# TASK TO CARRY OUT:
Return the data exactly, apart from leaving out the pictures.

# DATASET EXCERPT:
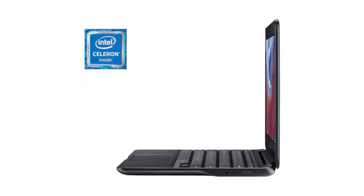It costs $179.99 on Amazon, but of course that is subject to change. If you want to buy this Chromebook, then please click on the link in the video description.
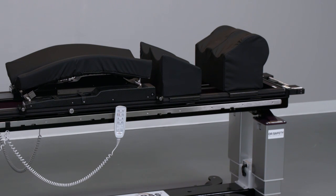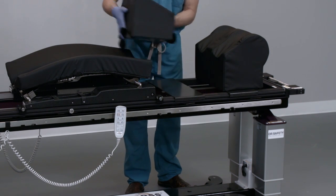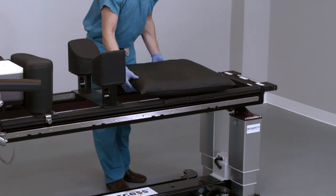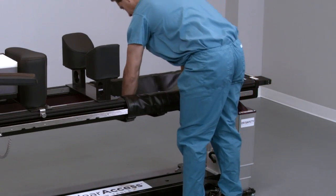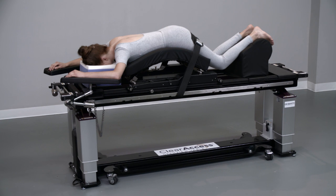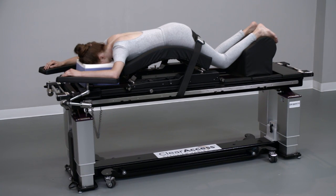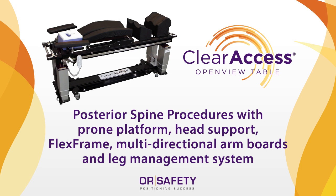Surgeon preference or certain posterior procedures may require alternative leg management options. For a flat lower-leg surface, remove the thigh pad and ankle rest, push the carbon fiber supports together and cover with a pillow or gel roll. If preferred, the carbon fiber supports can be removed and a sling installed onto the prone platform. Once the patient has been positioned on the table, use patient restraint straps to secure the patient before draping and preparation for surgery. Adjust the flex frame and arm boards as necessary for patient comfort and to minimize the risk of pressure marks. Please consult the Clear Access instructions for use with any further questions.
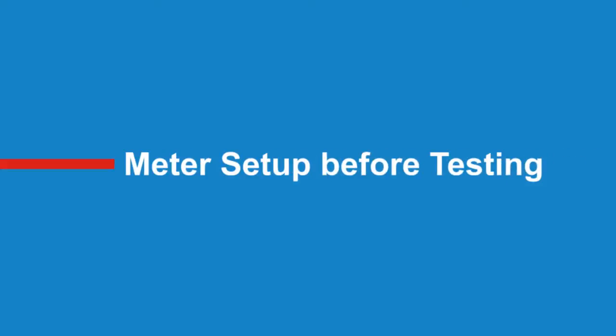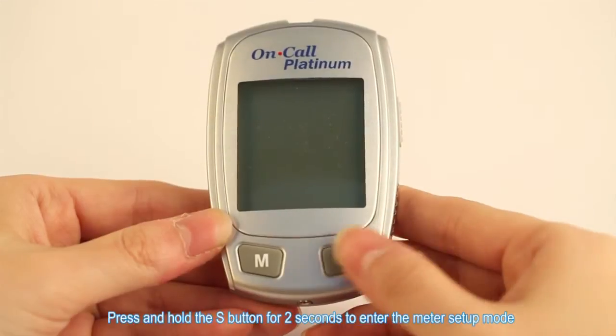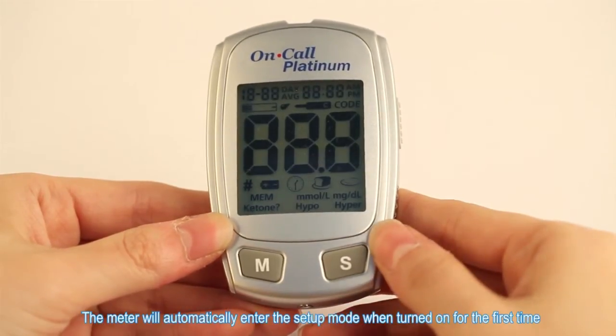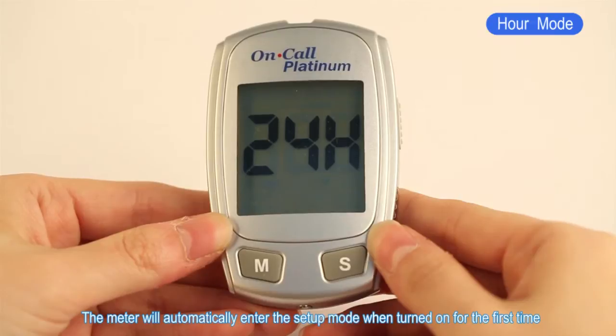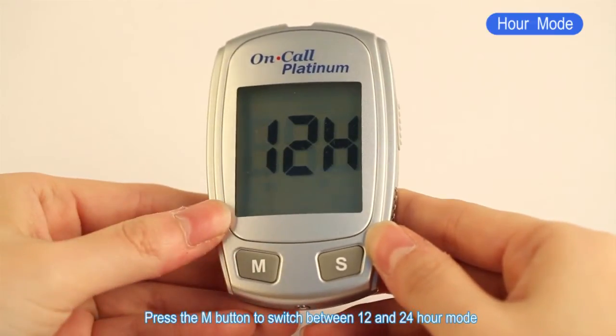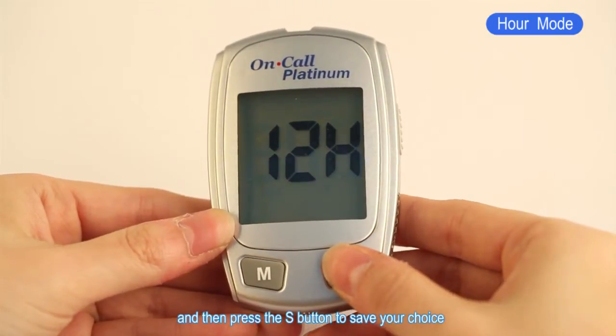Meter setup before testing. Press and hold the S button for two seconds to enter the meter setup mode. The meter will automatically enter the setup mode when turned on for the first time. Press the M button to switch between 12 and 24 hour mode, then press the S button to save your choice.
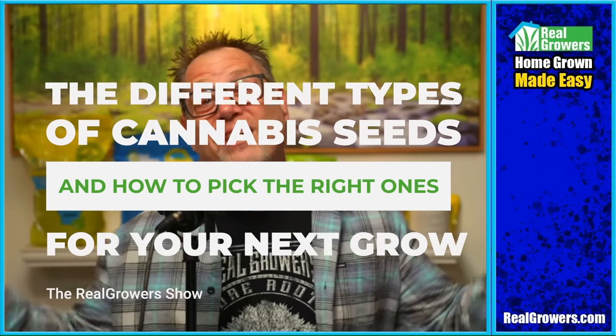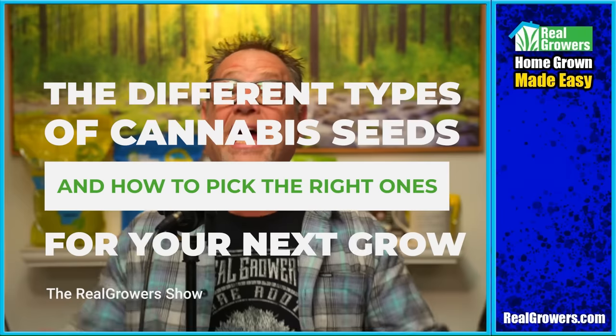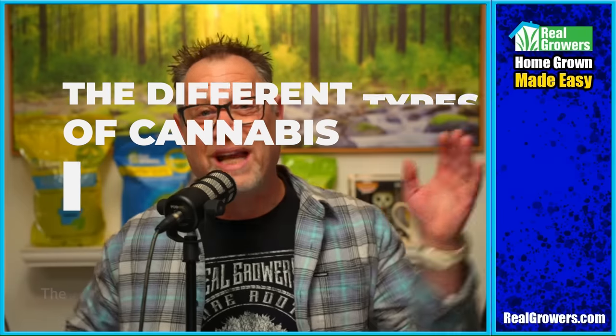Today we're going to talk about the different types of cannabis seeds out there and how to pick the right ones for your next grow. But before we do, today's video is brought to you by Real Growers Recharge. If you want stronger, healthier plants, you got to check out Real Growers Recharge. Bigger roots for bigger fruits. Go check it out over at realgrowers.com.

# ANSWER TO THIS EXERCISE:
It costs $179.99 on Amazon, but of course that is subject to change. If you want to buy this Chromebook, then please click on the link in the video description.
Surgeon preference or certain posterior procedures may require alternative leg management options. For a flat lower-leg surface, remove the thigh pad and ankle rest, push the carbon fiber supports together and cover with a pillow or gel roll. If preferred, the carbon fiber supports can be removed and a sling installed onto the prone platform. Once the patient has been positioned on the table, use patient restraint straps to secure the patient before draping and preparation for surgery. Adjust the flex frame and arm boards as necessary for patient comfort and to minimize the risk of pressure marks. Please consult the Clear Access instructions for use with any further questions.
Meter setup before testing. Press and hold the S button for two seconds to enter the meter setup mode. The meter will automatically enter the setup mode when turned on for the first time. Press the M button to switch between 12 and 24 hour mode, then press the S button to save your choice.
Today we're going to talk about the different types of cannabis seeds out there and how to pick the right ones for your next grow. But before we do, today's video is brought to you by Real Growers Recharge. If you want stronger, healthier plants, you got to check out Real Growers Recharge. Bigger roots for bigger fruits. Go check it out over at realgrowers.com.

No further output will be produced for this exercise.